Je suis très perplexe sur tous les cloisonnements et toutes les catégories que le pouvoir, depuis le xixème siècle, a réussi à mettre sur la sexualité. Je trouve que c’est un moyen de répression, à partir du moment où on flanque des étiquettes. Quand on cloisonne, on contrôle, et la répression est là. C’est la fameuse intuition de Foucault, qui d’ailleurs était plus qu’une intuition, où il explique que c’est le plaisir de la traque, à partir du moment où on cherche une vérité de l’homme quant à son rapport au sexe.
Vos précédents films appartenaient à l’univers du mélodrame. Avec Les Passagers, aviez-vous envie de vous confronter à une réalité sociale très forte, très contemporaine ?
Oui et non. J’éprouve une allergie totale pour les « films de banlieue ». Le vérisme des banlieues, le chantage au social m’insupportent… Vraiment, je ne peux plus supporter ce genre de films je ne vais pas vous donner des titres, vous les connaissez mieux que moi ! Et pourtant, la réalité du monde dans lequel je vis m’intéresse. Un certain nombre de choses me révoltent et créent en moi un état d’insurrection permanent. Alors que faire ? Comment concilier la réalité du monde et le refus du vérisme social ?
Dans Les Passagers, vous avez réussi, par une sorte de lyrisme révolté.
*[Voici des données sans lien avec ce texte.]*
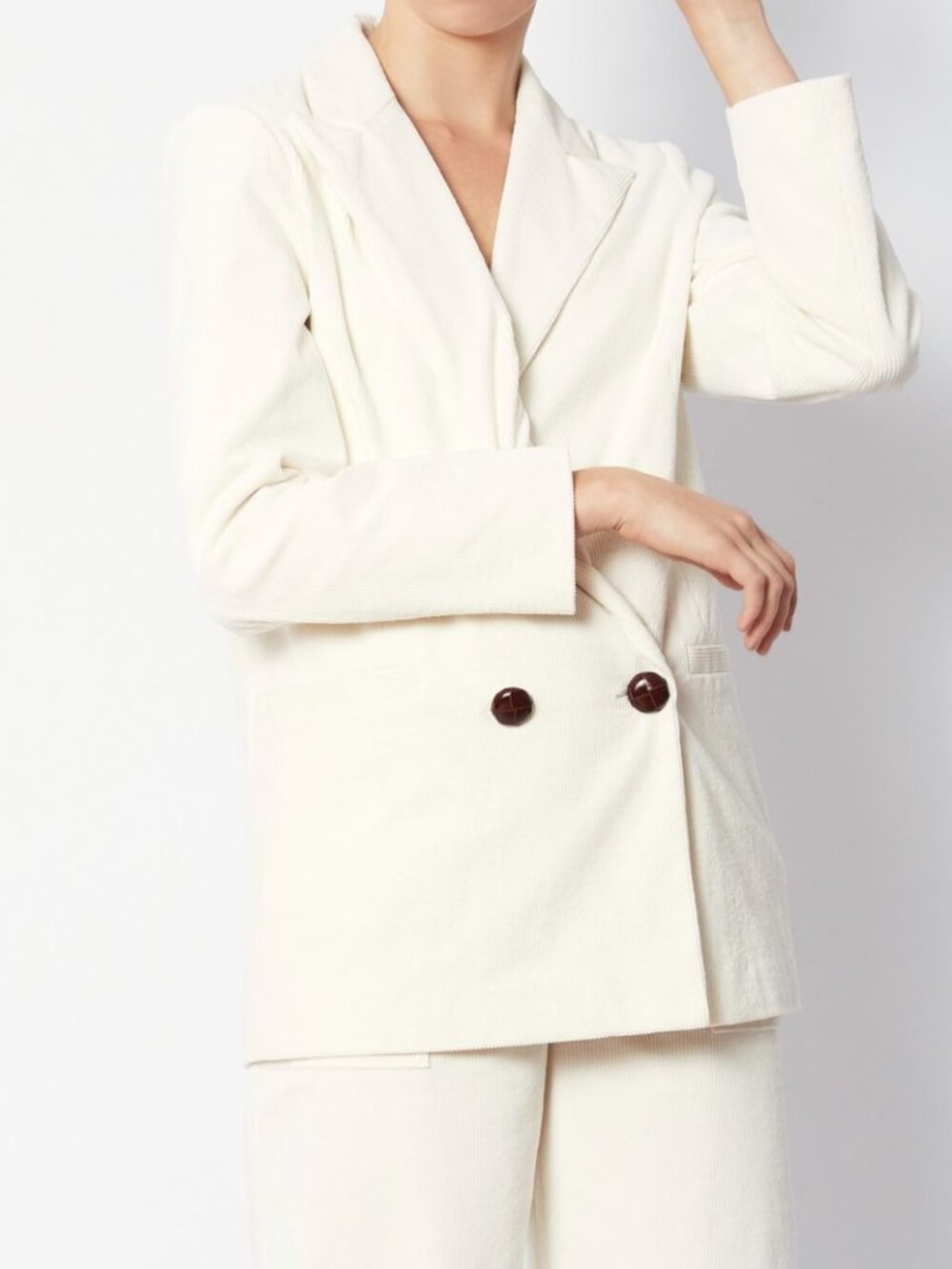 Ganni Ridgewood Corduroy Blazer White EU 38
Il y a dans le film un sentiment de résistance à quelque chose qui veut nous éliminer, nous foutre par terre impitoyablement… Une fois de plus, la balade dans la nuit a commencé. Ce film ne peut pas être un film militant dans la mesure où il n’est pas engagé. Si le film était engagé, j’aurais une vérité préconçue avant même de tourner. Ce genre de vérité préconçue est précisément ce qui m’insupporte dans ces films que j’exècre. La seule vérité que je cherche en tournant un film, c’est celle que j’ignore. Je suis parti comme ça, à tâtons, en essayant d’ouvrir des portes sans savoir quelle vérité se cachait derrière. Cette vérité est de l’ordre d’un sentiment, quelque chose de diffus, qui circule, qui traverse le film, qui passe dans les regards, dans un souffle, dans deux corps qui se frôlent, entre deux êtres qui auraient pu se rencontrer… Quel est le secret qui se cache dans les choses et dans les êtres ? S’il est attentif, rigoureux, vigilant, le cinéma est capable de s’approcher de ce secret. La notion de mélodrame est présente dans le film, à partir du moment où des forces destructrices cernent le tram et ses passagers, ce qui rend la vie extrêmement fragile. Or, le mélodrame est lié à l’éphémère. Notre passage dans la lumière du monde est si bref que c’est ce qui crée la beauté. Si on était inoxydable, il n’y aurait ni douleur, ni blessure, ni beauté. C’est la conscience de la finitude qui crée la beauté, c’est le dernier espoir.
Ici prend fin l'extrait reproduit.